I think it’s very likely that within the next 10 years we will reach the point that the knowledge, software, and hardware will be widely available such that any single individual with a personal computer will be able to choose to defy the ban and create a digital being of human level capability. If we are going to enforce this ban effectively, it would mean controlling every single computer everywhere. That’s a huge task, and would require dramatic increases in international coordination and government surveillance! Is such a thing even feasible?! Certainly even approaching that level of control seems to imply a totalitarian world government. Is that price we would be willing to pay? Even if you personally would choose that, how do you expect to get enough people on board with the plan that you could feasibly bring it about?
The whole situation is thus far more complicated and dangerous than simply being theoretically in favor of a ban. You have to consider the costs as well as the benefits. I’m not saying I know the right answer for sure, but there is necessarily a lot of implications which follow from any sort of ban.
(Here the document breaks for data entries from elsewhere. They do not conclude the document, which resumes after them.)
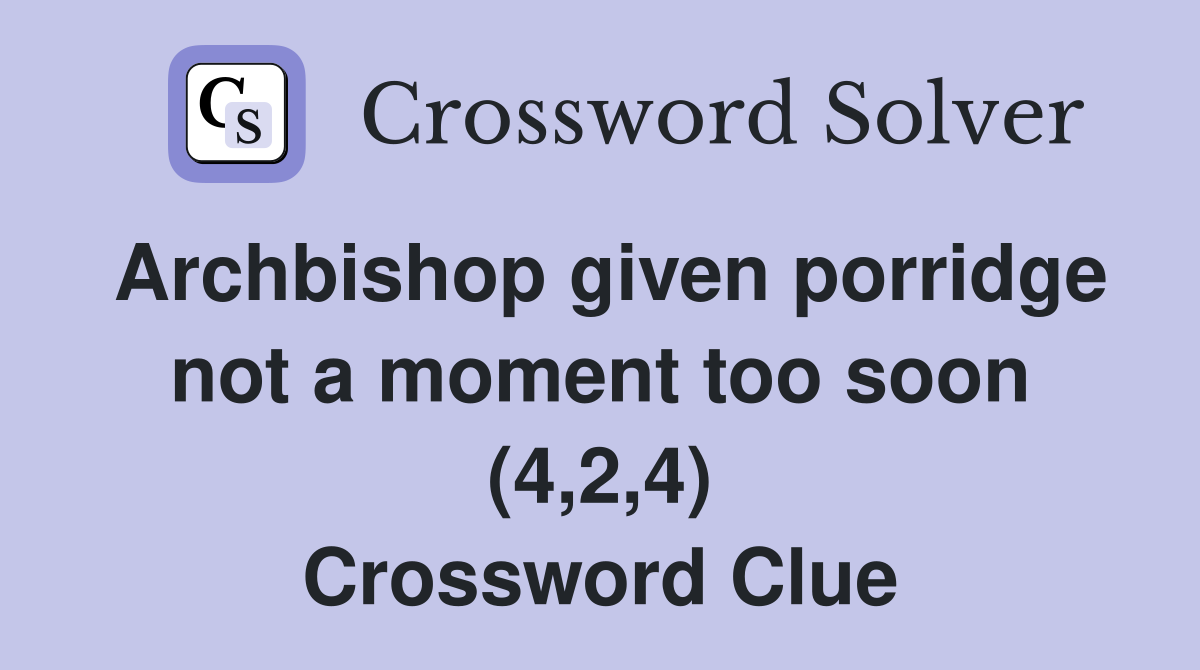 Archbishop given porridge not a moment too soon (4,2,4) Crossword Clue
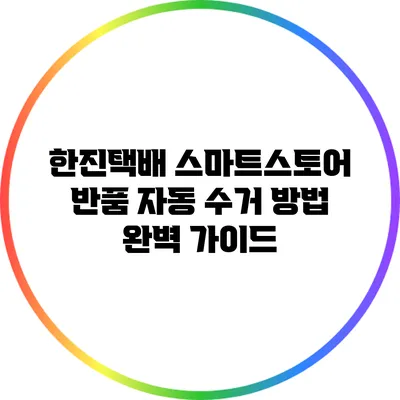 한진택배 스마트스토어 반품 자동 수거 방법 완벽 가이드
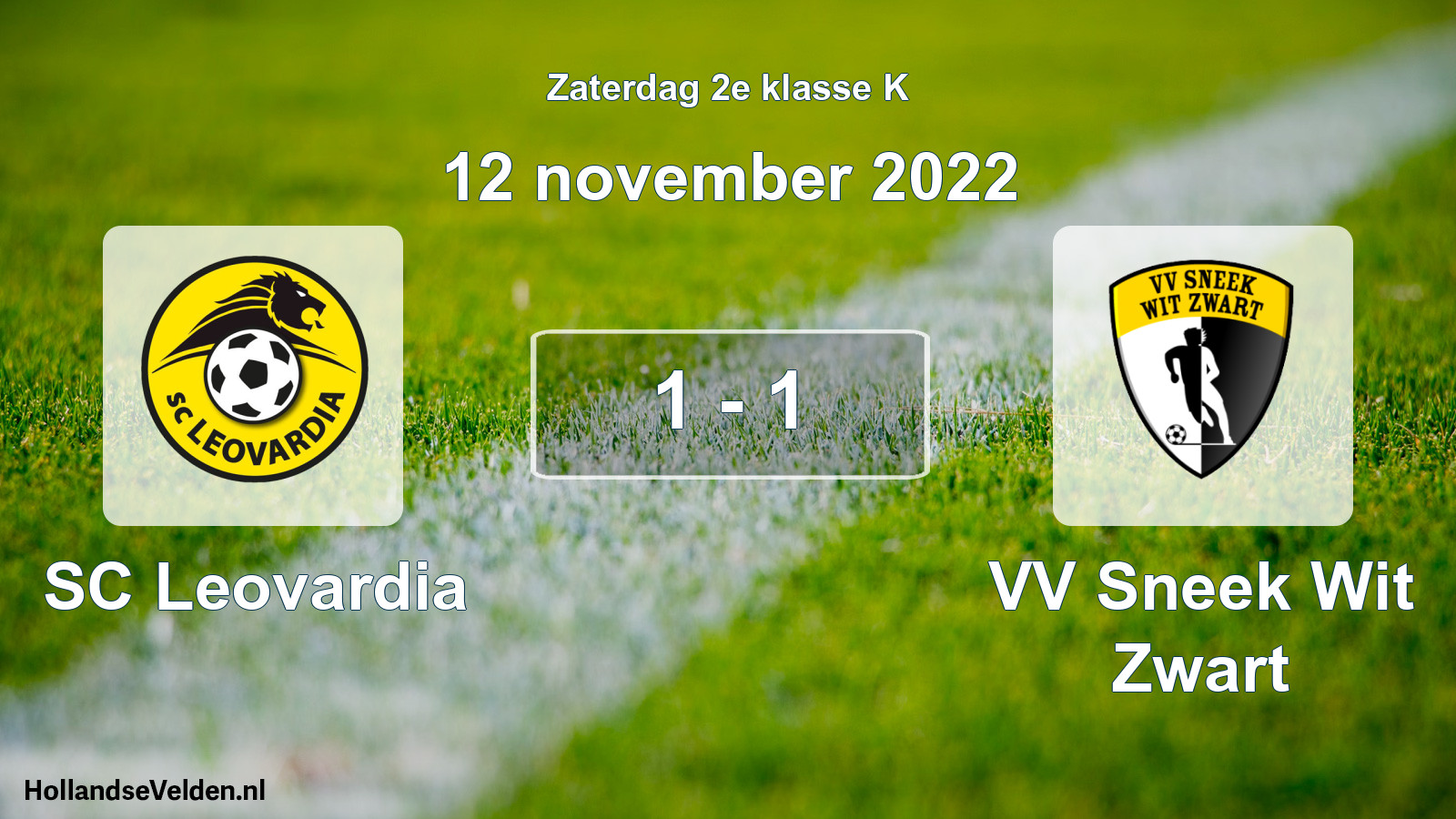 Total number of matches played: SC Leovardia - VV Sneek Wit Zwart 1 - 1 (12 November 2022)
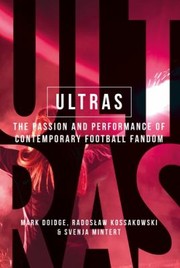 Cover of: Ultras: The Passion and Performance of Contemporary Football Fandom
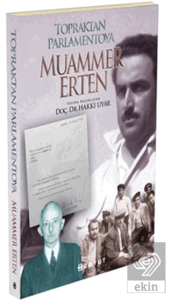 Topraktan Parlamentoya  Muammer Erten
You’re really getting ahead of yourself. We can ban stuff today and deal with the situation as it is, not as your abstract model projects in the future. This is a huge problem with EA thinking on this matter—taking for granted a bunch of things that haven’t happened, convincing yourself they are inevitable, instead of dealing with the situation we are in where none of that stuff has happened and may never happen, either because it wasn’t going to happen or because we prevented it.